Police in Britain are investigating children as young as five years old for sexting, according to new data.
Officers spoke to one five-year-old, who lives in County Durham, last year as part of an effort to combat the increasing number of children using phones to send explicit images.
Data uncovered by the BBC found that almost 400 children aged below 12 have been contacted by officers in relation to sexting.
The five-year-old in County Durham was the youngest to be spoken to by the Police, who have also had cases involving four seven-year-olds and four eight-year-olds.
It is illegal to take or send photographs of anybody younger than 18, including yourself.

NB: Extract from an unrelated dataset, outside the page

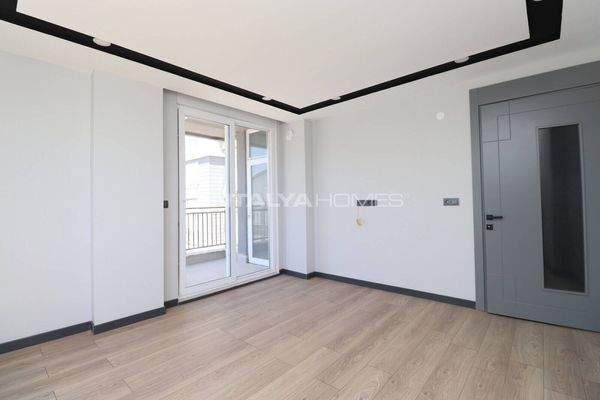 Apartments 900 m from the Tram Station in Antalya Kepez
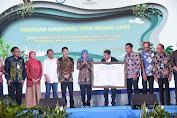 Peduli Pembangunan Wilayah Pesisir, Kelautan dan Perikanan Berkelanjutan, Gubernur Khofifah Raih PWI Maritime Awards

Northumbria Police told the BBC they had given an official caution to a ten-year-old, who sent an explicit picture of himself to an 11-year-old using a mobile phone app.
However, children younger than 10 cannot be convicted of crimes, as UK law does not deem them capable of being responsible for their actions.
The phenomenon creates a problem for officers, who want to manage the problem without charging and convicting hundreds of children and teenagers.
Steve Thubron, an official with Durham Constabulary, told the BBC that their priority was protecting children, and that officers do not aim to “criminalise” anybody unnecessarily.
Last November, Health Secretary Jeremy Hunt called for underage sexting to be banned completely, prompting complaints from free-speech advocates, and questions from tech experts who wondered whether a ban was even possible.
Some apps have tried to cut down on their own users’ sexting as well. In 2015, Snapchat issued new advice to teen users telling them directly to “keep your clothes on!” when communicating with anyone under 18.